The wire contract documents only behaviours the framework actually implements. A foreign-language SDK author reading schemas/v1/task_message.schema.json sees the truth.
Invariant 1 keeps its tight shape. The "stateless" claim is no longer caveated by docstrings that describe a feature that doesn't exist.
Future contributors who want retries find the pipeline-stage path documented at the right level (stage YAML, not message envelope) and don't get steered toward the abandoned worker-side design.

Costs:

This is a breaking change to TaskMessage and TaskStatus Python types. External code that constructed TaskMessage with max_retries= or retry_count=, or pattern-matched on TaskStatus.RETRY, will need to be updated.

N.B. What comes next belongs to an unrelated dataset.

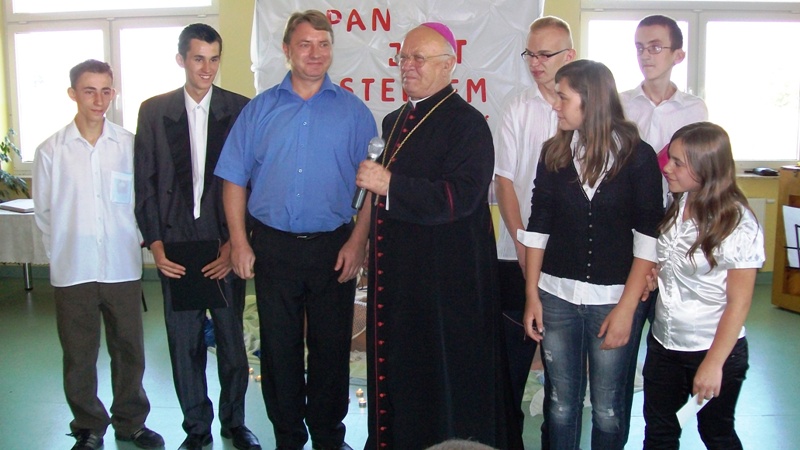 SZCZEGÓLNE ODWIEDZINY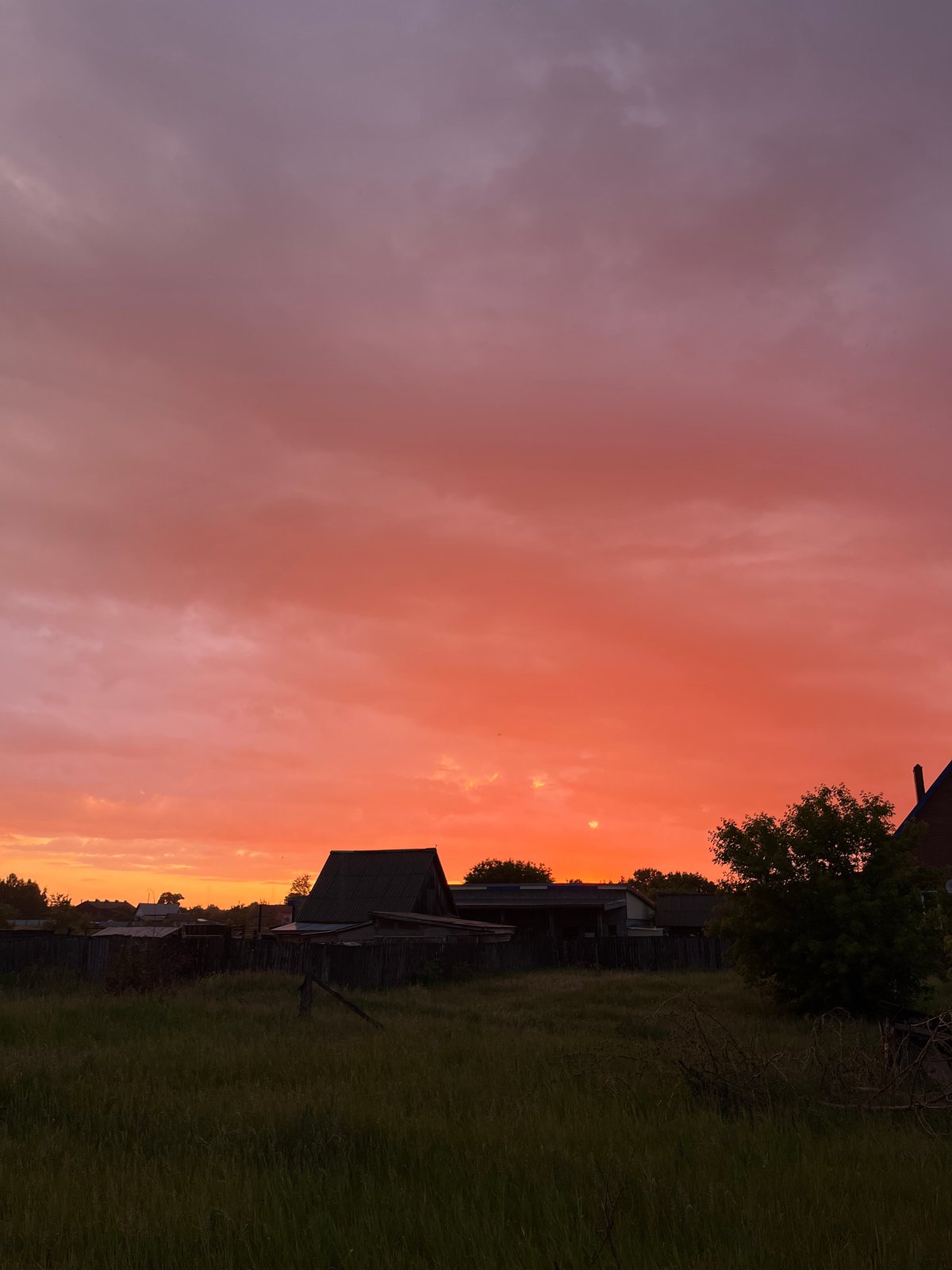 Rural sunset documented in Novocheremshansk, Russia over 23 minutes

Mitigation: no in-tree consumer outside test code did any of these things (verified by grep). The dead surface was genuinely dead.
The schemas/v1/*.schema.json files change shape. CI's drift gate enforces the regeneration. Foreign-language SDKs that were already generated against the previous v1 shape (none today) would need to regenerate.
If a concrete worker-side retry workload appears later, the reintroduction will need its own ADR + invariant evolution. That's the right time to design it — when the actual use case is concrete and the constraints can be honest, rather than pre-emptively shimmed.